───── Given entries ─────
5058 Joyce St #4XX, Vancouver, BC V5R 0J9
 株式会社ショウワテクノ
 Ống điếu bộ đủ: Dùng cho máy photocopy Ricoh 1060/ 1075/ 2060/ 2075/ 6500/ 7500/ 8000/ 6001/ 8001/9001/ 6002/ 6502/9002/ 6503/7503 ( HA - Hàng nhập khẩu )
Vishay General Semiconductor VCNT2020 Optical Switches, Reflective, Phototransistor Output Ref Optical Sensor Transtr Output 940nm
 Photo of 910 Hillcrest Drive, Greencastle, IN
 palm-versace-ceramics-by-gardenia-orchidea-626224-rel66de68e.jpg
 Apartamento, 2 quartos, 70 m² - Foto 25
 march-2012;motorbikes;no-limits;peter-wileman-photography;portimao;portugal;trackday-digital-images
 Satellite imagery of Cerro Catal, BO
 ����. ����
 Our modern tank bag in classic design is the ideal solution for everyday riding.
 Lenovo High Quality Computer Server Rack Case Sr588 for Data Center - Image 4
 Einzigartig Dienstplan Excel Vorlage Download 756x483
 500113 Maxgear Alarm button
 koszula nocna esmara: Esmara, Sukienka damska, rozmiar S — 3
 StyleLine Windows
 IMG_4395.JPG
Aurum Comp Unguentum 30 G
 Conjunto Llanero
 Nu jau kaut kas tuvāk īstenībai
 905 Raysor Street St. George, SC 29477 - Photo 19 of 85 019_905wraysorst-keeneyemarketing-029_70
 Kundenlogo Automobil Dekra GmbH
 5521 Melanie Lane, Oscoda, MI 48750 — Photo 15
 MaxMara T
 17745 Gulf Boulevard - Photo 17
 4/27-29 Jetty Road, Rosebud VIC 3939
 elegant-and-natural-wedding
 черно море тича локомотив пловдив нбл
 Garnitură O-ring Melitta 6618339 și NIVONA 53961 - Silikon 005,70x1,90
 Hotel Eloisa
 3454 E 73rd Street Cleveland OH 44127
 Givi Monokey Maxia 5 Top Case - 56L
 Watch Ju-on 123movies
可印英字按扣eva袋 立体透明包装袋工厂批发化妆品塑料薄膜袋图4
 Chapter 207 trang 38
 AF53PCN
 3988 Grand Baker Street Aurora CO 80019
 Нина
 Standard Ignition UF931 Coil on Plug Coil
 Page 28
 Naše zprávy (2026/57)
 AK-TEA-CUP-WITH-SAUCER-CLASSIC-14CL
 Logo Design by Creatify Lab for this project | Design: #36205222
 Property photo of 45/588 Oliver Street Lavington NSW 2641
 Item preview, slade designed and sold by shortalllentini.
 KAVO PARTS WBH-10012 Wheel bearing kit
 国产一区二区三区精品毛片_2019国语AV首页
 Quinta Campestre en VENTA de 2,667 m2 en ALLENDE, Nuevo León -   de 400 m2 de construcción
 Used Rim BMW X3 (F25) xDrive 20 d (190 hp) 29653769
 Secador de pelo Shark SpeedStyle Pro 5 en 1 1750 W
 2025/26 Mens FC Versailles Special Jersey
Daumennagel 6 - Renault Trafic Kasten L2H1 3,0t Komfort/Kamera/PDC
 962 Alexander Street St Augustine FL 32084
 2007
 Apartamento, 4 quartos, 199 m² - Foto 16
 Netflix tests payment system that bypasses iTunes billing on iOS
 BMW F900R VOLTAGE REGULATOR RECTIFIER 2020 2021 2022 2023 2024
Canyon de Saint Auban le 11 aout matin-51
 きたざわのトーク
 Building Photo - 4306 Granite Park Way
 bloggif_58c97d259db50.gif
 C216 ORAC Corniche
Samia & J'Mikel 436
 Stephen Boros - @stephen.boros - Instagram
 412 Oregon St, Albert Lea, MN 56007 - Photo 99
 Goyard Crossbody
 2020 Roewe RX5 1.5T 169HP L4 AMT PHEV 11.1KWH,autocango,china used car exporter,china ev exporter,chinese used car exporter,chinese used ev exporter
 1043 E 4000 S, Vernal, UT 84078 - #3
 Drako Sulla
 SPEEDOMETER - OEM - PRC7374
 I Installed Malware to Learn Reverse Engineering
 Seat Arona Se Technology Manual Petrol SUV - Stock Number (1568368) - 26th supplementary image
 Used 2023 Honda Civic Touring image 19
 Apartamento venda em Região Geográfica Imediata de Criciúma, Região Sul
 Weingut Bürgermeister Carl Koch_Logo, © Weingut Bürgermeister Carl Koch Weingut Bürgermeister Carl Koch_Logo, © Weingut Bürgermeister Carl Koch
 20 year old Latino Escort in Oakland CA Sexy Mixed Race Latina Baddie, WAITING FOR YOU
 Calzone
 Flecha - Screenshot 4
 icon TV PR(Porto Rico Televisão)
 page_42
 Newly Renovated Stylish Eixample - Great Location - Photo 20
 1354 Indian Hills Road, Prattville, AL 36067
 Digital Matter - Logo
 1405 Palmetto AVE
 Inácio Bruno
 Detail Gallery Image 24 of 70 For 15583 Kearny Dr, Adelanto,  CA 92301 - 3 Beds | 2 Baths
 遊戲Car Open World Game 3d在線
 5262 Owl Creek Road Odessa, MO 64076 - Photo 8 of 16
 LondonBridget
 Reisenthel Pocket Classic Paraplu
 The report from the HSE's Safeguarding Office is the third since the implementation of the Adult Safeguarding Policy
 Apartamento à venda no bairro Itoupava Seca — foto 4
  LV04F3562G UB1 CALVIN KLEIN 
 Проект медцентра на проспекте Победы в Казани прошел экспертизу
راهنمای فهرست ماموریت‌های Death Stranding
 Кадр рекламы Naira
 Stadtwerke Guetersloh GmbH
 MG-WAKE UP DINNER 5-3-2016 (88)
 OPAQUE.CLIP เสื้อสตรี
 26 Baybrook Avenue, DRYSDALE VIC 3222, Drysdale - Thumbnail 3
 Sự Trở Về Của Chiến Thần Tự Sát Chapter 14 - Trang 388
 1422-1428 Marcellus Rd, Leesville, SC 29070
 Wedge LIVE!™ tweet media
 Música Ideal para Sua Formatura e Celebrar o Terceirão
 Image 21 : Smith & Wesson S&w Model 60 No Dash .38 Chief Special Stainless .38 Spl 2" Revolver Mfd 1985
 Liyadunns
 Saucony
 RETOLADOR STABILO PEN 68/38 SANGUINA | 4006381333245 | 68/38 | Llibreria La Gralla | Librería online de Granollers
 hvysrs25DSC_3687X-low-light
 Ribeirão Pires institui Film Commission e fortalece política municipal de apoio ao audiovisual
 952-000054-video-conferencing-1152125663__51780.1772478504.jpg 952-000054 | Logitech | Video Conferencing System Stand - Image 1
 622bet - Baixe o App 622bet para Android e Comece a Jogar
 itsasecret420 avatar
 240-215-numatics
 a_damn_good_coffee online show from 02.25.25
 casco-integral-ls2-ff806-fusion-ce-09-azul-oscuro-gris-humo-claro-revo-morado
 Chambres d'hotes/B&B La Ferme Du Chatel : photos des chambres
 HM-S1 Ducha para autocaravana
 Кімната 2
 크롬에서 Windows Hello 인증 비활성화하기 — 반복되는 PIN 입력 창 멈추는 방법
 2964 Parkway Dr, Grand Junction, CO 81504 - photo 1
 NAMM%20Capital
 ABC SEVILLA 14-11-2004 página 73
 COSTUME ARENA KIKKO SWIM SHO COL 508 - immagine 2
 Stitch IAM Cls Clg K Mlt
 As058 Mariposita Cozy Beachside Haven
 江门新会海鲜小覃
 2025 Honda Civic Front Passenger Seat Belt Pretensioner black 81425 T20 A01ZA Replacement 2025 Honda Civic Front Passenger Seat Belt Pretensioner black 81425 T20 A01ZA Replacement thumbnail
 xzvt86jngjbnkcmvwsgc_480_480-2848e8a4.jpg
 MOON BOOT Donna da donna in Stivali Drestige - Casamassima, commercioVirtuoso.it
─────
Each line above must be reproduced exactly as it stands.

5058 Joyce St #4XX, Vancouver, BC V5R 0J9
 株式会社ショウワテクノ
 Ống điếu bộ đủ: Dùng cho máy photocopy Ricoh 1060/ 1075/ 2060/ 2075/ 6500/ 7500/ 8000/ 6001/ 8001/9001/ 6002/ 6502/9002/ 6503/7503 ( HA - Hàng nhập khẩu )
Vishay General Semiconductor VCNT2020 Optical Switches, Reflective, Phototransistor Output Ref Optical Sensor Transtr Output 940nm
 Photo of 910 Hillcrest Drive, Greencastle, IN
 palm-versace-ceramics-by-gardenia-orchidea-626224-rel66de68e.jpg
 Apartamento, 2 quartos, 70 m² - Foto 25
 march-2012;motorbikes;no-limits;peter-wileman-photography;portimao;portugal;trackday-digital-images
 Satellite imagery of Cerro Catal, BO
 ����. ����
 Our modern tank bag in classic design is the ideal solution for everyday riding.
 Lenovo High Quality Computer Server Rack Case Sr588 for Data Center - Image 4
 Einzigartig Dienstplan Excel Vorlage Download 756x483
 500113 Maxgear Alarm button
 koszula nocna esmara: Esmara, Sukienka damska, rozmiar S — 3
 StyleLine Windows
 IMG_4395.JPG
Aurum Comp Unguentum 30 G
 Conjunto Llanero
 Nu jau kaut kas tuvāk īstenībai
 905 Raysor Street St. George, SC 29477 - Photo 19 of 85 019_905wraysorst-keeneyemarketing-029_70
 Kundenlogo Automobil Dekra GmbH
 5521 Melanie Lane, Oscoda, MI 48750 — Photo 15
 MaxMara T
 17745 Gulf Boulevard - Photo 17
 4/27-29 Jetty Road, Rosebud VIC 3939
 elegant-and-natural-wedding
 черно море тича локомотив пловдив нбл
 Garnitură O-ring Melitta 6618339 și NIVONA 53961 - Silikon 005,70x1,90
 Hotel Eloisa
 3454 E 73rd Street Cleveland OH 44127
 Givi Monokey Maxia 5 Top Case - 56L
 Watch Ju-on 123movies
可印英字按扣eva袋 立体透明包装袋工厂批发化妆品塑料薄膜袋图4
 Chapter 207 trang 38
 AF53PCN
 3988 Grand Baker Street Aurora CO 80019
 Нина
 Standard Ignition UF931 Coil on Plug Coil
 Page 28
 Naše zprávy (2026/57)
 AK-TEA-CUP-WITH-SAUCER-CLASSIC-14CL
 Logo Design by Creatify Lab for this project | Design: #36205222
 Property photo of 45/588 Oliver Street Lavington NSW 2641
 Item preview, slade designed and sold by shortalllentini.
 KAVO PARTS WBH-10012 Wheel bearing kit
 国产一区二区三区精品毛片_2019国语AV首页
 Quinta Campestre en VENTA de 2,667 m2 en ALLENDE, Nuevo León -   de 400 m2 de construcción
 Used Rim BMW X3 (F25) xDrive 20 d (190 hp) 29653769
 Secador de pelo Shark SpeedStyle Pro 5 en 1 1750 W
 2025/26 Mens FC Versailles Special Jersey
Daumennagel 6 - Renault Trafic Kasten L2H1 3,0t Komfort/Kamera/PDC
 962 Alexander Street St Augustine FL 32084
 2007
 Apartamento, 4 quartos, 199 m² - Foto 16
 Netflix tests payment system that bypasses iTunes billing on iOS
 BMW F900R VOLTAGE REGULATOR RECTIFIER 2020 2021 2022 2023 2024
Canyon de Saint Auban le 11 aout matin-51
 きたざわのトーク
 Building Photo - 4306 Granite Park Way
 bloggif_58c97d259db50.gif
 C216 ORAC Corniche
Samia & J'Mikel 436
 Stephen Boros - @stephen.boros - Instagram
 412 Oregon St, Albert Lea, MN 56007 - Photo 99
 Goyard Crossbody
 2020 Roewe RX5 1.5T 169HP L4 AMT PHEV 11.1KWH,autocango,china used car exporter,china ev exporter,chinese used car exporter,chinese used ev exporter
 1043 E 4000 S, Vernal, UT 84078 - #3
 Drako Sulla
 SPEEDOMETER - OEM - PRC7374
 I Installed Malware to Learn Reverse Engineering
 Seat Arona Se Technology Manual Petrol SUV - Stock Number (1568368) - 26th supplementary image
 Used 2023 Honda Civic Touring image 19
 Apartamento venda em Região Geográfica Imediata de Criciúma, Região Sul
 Weingut Bürgermeister Carl Koch_Logo, © Weingut Bürgermeister Carl Koch Weingut Bürgermeister Carl Koch_Logo, © Weingut Bürgermeister Carl Koch
 20 year old Latino Escort in Oakland CA Sexy Mixed Race Latina Baddie, WAITING FOR YOU
 Calzone
 Flecha - Screenshot 4
 icon TV PR(Porto Rico Televisão)
 page_42
 Newly Renovated Stylish Eixample - Great Location - Photo 20
 1354 Indian Hills Road, Prattville, AL 36067
 Digital Matter - Logo
 1405 Palmetto AVE
 Inácio Bruno
 Detail Gallery Image 24 of 70 For 15583 Kearny Dr, Adelanto,  CA 92301 - 3 Beds | 2 Baths
 遊戲Car Open World Game 3d在線
 5262 Owl Creek Road Odessa, MO 64076 - Photo 8 of 16
 LondonBridget
 Reisenthel Pocket Classic Paraplu
 The report from the HSE's Safeguarding Office is the third since the implementation of the Adult Safeguarding Policy
 Apartamento à venda no bairro Itoupava Seca — foto 4
  LV04F3562G UB1 CALVIN KLEIN 
 Проект медцентра на проспекте Победы в Казани прошел экспертизу
راهنمای فهرست ماموریت‌های Death Stranding
 Кадр рекламы Naira
 Stadtwerke Guetersloh GmbH
 MG-WAKE UP DINNER 5-3-2016 (88)
 OPAQUE.CLIP เสื้อสตรี
 26 Baybrook Avenue, DRYSDALE VIC 3222, Drysdale - Thumbnail 3
 Sự Trở Về Của Chiến Thần Tự Sát Chapter 14 - Trang 388
 1422-1428 Marcellus Rd, Leesville, SC 29070
 Wedge LIVE!™ tweet media
 Música Ideal para Sua Formatura e Celebrar o Terceirão
 Image 21 : Smith & Wesson S&w Model 60 No Dash .38 Chief Special Stainless .38 Spl 2" Revolver Mfd 1985
 Liyadunns
 Saucony
 RETOLADOR STABILO PEN 68/38 SANGUINA | 4006381333245 | 68/38 | Llibreria La Gralla | Librería online de Granollers
 hvysrs25DSC_3687X-low-light
 Ribeirão Pires institui Film Commission e fortalece política municipal de apoio ao audiovisual
 952-000054-video-conferencing-1152125663__51780.1772478504.jpg 952-000054 | Logitech | Video Conferencing System Stand - Image 1
 622bet - Baixe o App 622bet para Android e Comece a Jogar
 itsasecret420 avatar
 240-215-numatics
 a_damn_good_coffee online show from 02.25.25
 casco-integral-ls2-ff806-fusion-ce-09-azul-oscuro-gris-humo-claro-revo-morado
 Chambres d'hotes/B&B La Ferme Du Chatel : photos des chambres
 HM-S1 Ducha para autocaravana
 Кімната 2
 크롬에서 Windows Hello 인증 비활성화하기 — 반복되는 PIN 입력 창 멈추는 방법
 2964 Parkway Dr, Grand Junction, CO 81504 - photo 1
 NAMM%20Capital
 ABC SEVILLA 14-11-2004 página 73
 COSTUME ARENA KIKKO SWIM SHO COL 508 - immagine 2
 Stitch IAM Cls Clg K Mlt
 As058 Mariposita Cozy Beachside Haven
 江门新会海鲜小覃
 2025 Honda Civic Front Passenger Seat Belt Pretensioner black 81425 T20 A01ZA Replacement 2025 Honda Civic Front Passenger Seat Belt Pretensioner black 81425 T20 A01ZA Replacement thumbnail
 xzvt86jngjbnkcmvwsgc_480_480-2848e8a4.jpg
 MOON BOOT Donna da donna in Stivali Drestige - Casamassima, commercioVirtuoso.it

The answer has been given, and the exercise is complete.